Ma perché i poliziotti non possono avere il taser? Dopo la sperimentazione avvenuta in dodici città italiane, tra settembre 2018 e giugno 2019, il Consiglio dei ministri aveva approvato in esame preliminare un regolamento che modifica le norme sui criteri per la determinazione di armamento e munizioni, «nell’ottica di un generale ammodernamento adeguato alle esigenze operative attuali», come si leggeva sul sito del Viminale). Il testo avrebbe dovuto superare il vaglio del Consiglio di Stato per poi tornare in Cdm per l’approvazione definitiva, ma se ne sono perse le tracce. Poi a febbraio scorso, il Ministero dell’Interno pubblica una nota in cui fa sapere che “che sono in corso le procedure di gara per l’acquisizione dell’arma ad impulsi elettrici (taser) per le esigenze delle Forze di polizia. È volontà dell’amministrazione della Pubblica sicurezza portare a conclusione la procedura non appena sarà verificata la rispondenza degli apparecchi ai requisiti tecnici richiesti”. Dunque mancherebbe poco perché la polizia di stato possa avere un’arma in più per difendersi.

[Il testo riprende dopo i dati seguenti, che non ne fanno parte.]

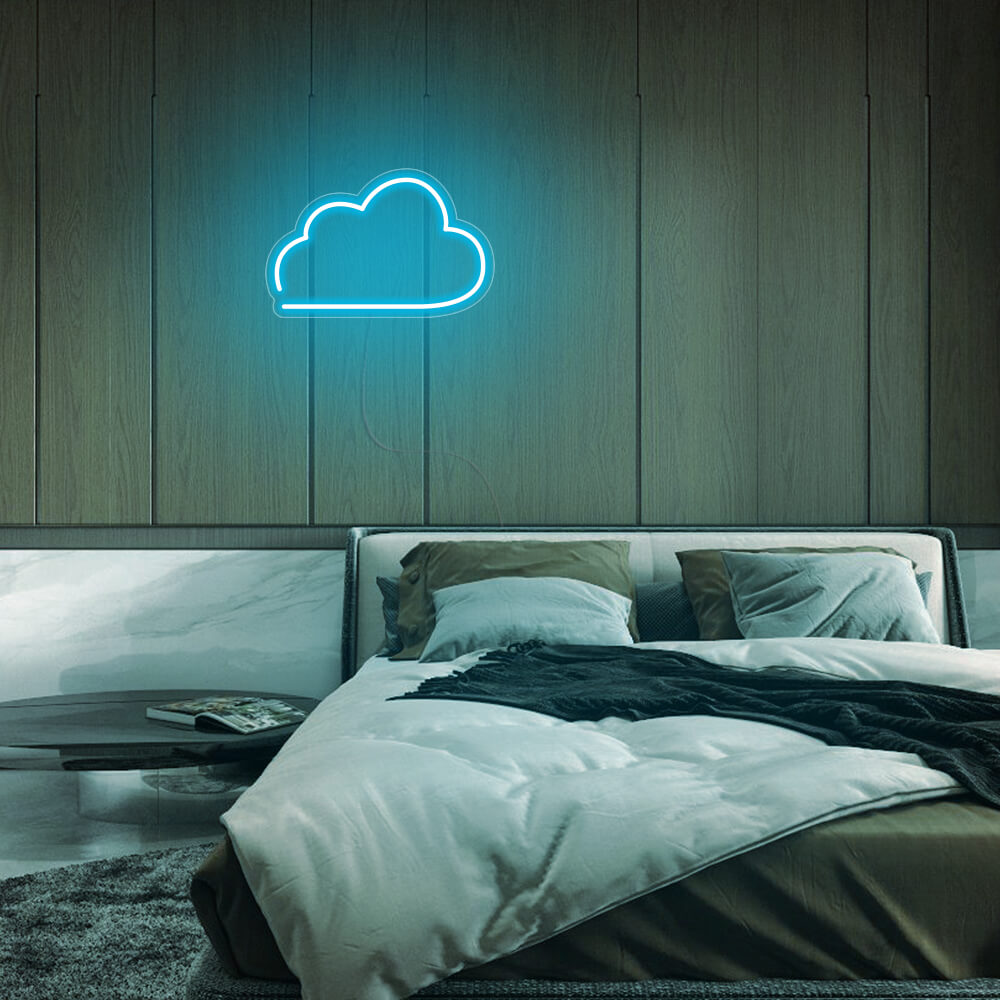 Mini Cloud LED Neon Sign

Si era pensato anche a dotarne gli agenti di polizia locale. Cosa che si potrebbe fare nelle città di oltre 100mila abitanti. Ma ci sono stati diversi comuni che comunque hanno detto “no”, fra cui Roma e Milano. Hanno invece acconsentito Venezia e Udine. È una sperimentazione. A Venezia gli agenti che utilizzeranno il taser vestiranno delle videocamere che si attivano automaticamente quando l’arma viene estratta dalla fondina. Prima di essere autorizzati, gli agenti candidati dovranno fare un corso di formazione speciale. Un passo in avanti anche a livello locale, che per qualcuno è l’inizio, prima che Venezia e Udine vengano imitate da altre città.